The beauty of this place is further enhanced by the Druk Wangyal Chortens – 108 stupa built by the eldest Queen Mother Her Majesty Ashi Dorji Wangmo Wangchuk. The chortens were built in memory of the war between India and Bhutanese militants. Chortens are “spiritual monuments” and they symbolize Buddha’s mind, body and soul.

Prayer flags flutter in the constant breezes, and travelers beat a hasty retreat into the Dochula Resort where the stoves are alight and tea is brewing.

The Bhutanese guides in traditional dress cluster together around the fire, helping themselves to morning tea, while we politely sit at tables and are served.

I was thrilled to find a huge silk thangka depicting Guru Padmasambhava with his two consorts, Mandarava and Yeshe Tsogyal. I had been doing a Mandarava practice, so I particularly photographed this beautiful artwork, holding it dear as I journeyed.

Isn’t She beautiful, just like you! Can you feel that divine sweetness emanating from you? I love doing these archive trawls with frizztext, digging out old favourite images and remembering the fun of traveling. You can join in too:

at http://flickrcomments.wordpress.com/gallery/

A-Z Archive: D is for Dance, Dzong, Dragon and more

Some of my blogger friends will have noticed that I started a new blog for these photo challenges. I have a vague idea of keeping dadirridreaming for things to do with home, yoga, spirit, the natural environment where I live. So this blog, and the A-Z Archive is the place for me to explore my photo archives and dig out those special shots I want to see again. I have had the good fortune to travel quite a bit in the past 10 years, and the most fascinating destination was Bhutan. This is a small Buddhist Kingdom in the Himalayan mountains, where instead of Gross National Product they measure Gross National Happiness. When we visited I was practising Dzogchen, so our guide took us to some special caves and temples, which was a great privilege. Here are some “D” photo from Bhutan. I have tried different ways of publishing the photos, but I think I like BIG best ..what about you?

Bumtang Dzongkag sign on the mountain pass

Prayer flags fly high over every mountain pass, here the sign tells us that we are entering the Bumthang District, and displays a map to help us find our way. There are no straight roads in Bhutan despite the sign!

Dancers at Ngang Lakhang festival, Bhutan

Men wear flowing robes for this vigorous dance.

Donkeys block the narrow mountain road

Driving was hazardous, roads very narrow and cliff hugging, I think the donkeys would feel safer than we sometimes did.

Danger, heavy loads on narrow roads!

Sometimes our way was blocked by fallen rock, but this time late one afternoon, it was a timber truck that had fallen over, luckily in a valley and not on a hillside.

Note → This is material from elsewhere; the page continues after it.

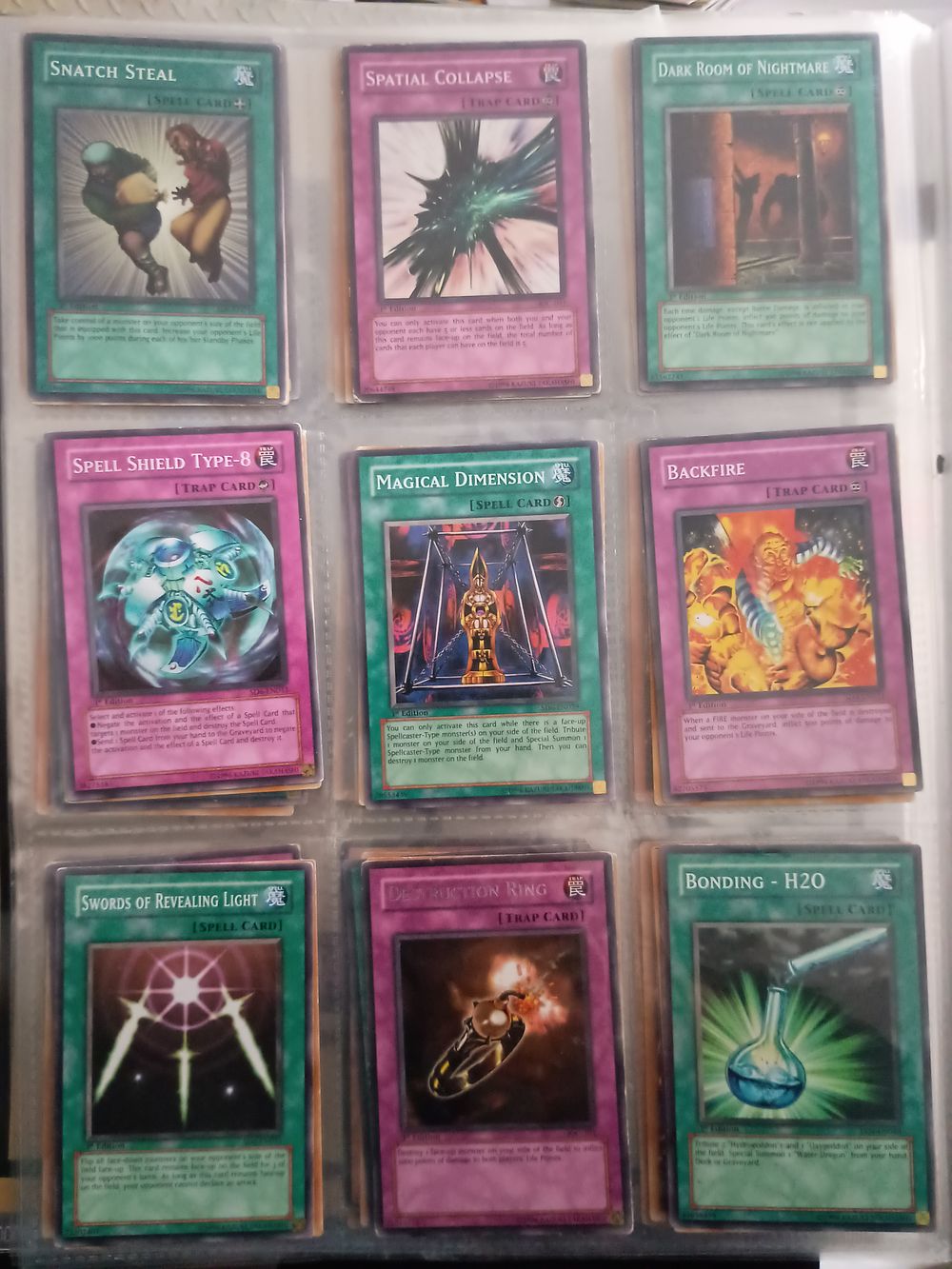 Lot 101b: Collection Yu-Gi-Oh 1st Edition 1996 Collectors Cards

Herder's dog follow us on trail to cave

We were walking for hours uphill to reach a special cave, when three dogs appeared and kept us company for the rest of the trek. One walked in front, another in the middle and the last at the rear. We felt they were spiritual guides in the guise of the fierce sheepdogs.

Trongsa Dzong, the centre of government, religion and defence for the Central Trongsa District

The Dzongs of Bhutan are magnificent structures, built for defence at strategic points where all traffic had to pass through the Dzong. Now they are still centres of administration and religion.

Dragon logo on Bhutan's airline Druk Air

One of the thrills of Bhutan is flying in, as the pilot brings the plane ever lower while following a narrow valley, until suddenly it widens and you touch down at Paro!

To join in the Weekly A-Z Archive photo challenge see Frizztext’s site http://flickrcomments.wordpress.com/2012/01/24/a-z-archive-d challenge/ and check out some of the other entries.

A-Z Archive: A is for Artisans

Click on an image to see it larger …. then you can scroll through 🙂

These images are from the Gangteng Monastery, or Gantey Gonpa in Bhutan, where the temple is being restored using traditional techniques. These men are true artisans, highly trained and skilled. All their work is done according to Buddhist traditions, blessed and offered for the good of all.

This post is a few weeks late, but better late than never! Thanks for your challenge frizztext, I even started a new blog especially to join you.